Ce n’est pas grave Justine, tu vas t’en remettre…
Ça revient encore à dire que ceux qui sont nés pour un petit pain ne peuvent pas s’élever au-dessus de leur condition. La pauvre fille a été catapultée dans cet univers sans avoir pris part au meeting. C’est plate quand même d’être un paratonnerre à emmerdes. Un catalyseur d’événements tragiques. Au moins, elle n’est pas trop maganée par des années de ce régime et il lui reste l’espoir de s’en sortir sans trop de séquelles. Sans bouée ni phare à l’horizon on se demande tout même si elle ne finira pas par sombrer. Elle doit avoir mal au cœur à force d’être barouettée de même.

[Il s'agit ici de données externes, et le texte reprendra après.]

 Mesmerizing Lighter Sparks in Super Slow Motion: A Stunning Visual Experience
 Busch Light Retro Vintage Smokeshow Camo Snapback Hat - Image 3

À l’instar de Disney (en pas mal moins evil) Iris Boudreau extrait de la chambre forte un de ses futurs classiques. Futur parce que cette pépite est un peu passée dans le beurre lors de sa parution en 2012. Sans étonnement on retrouvait déjà à l’époque cette imagination foisonnante où s’entremêlent personnages plus grands que nature et observations du quotidien. On dirait un bon film indy : un amalgame entre Gummo et Napoleon Dynamite. À lire ou relire pour découvrir ou redécouvrir cette talentueuse autrice.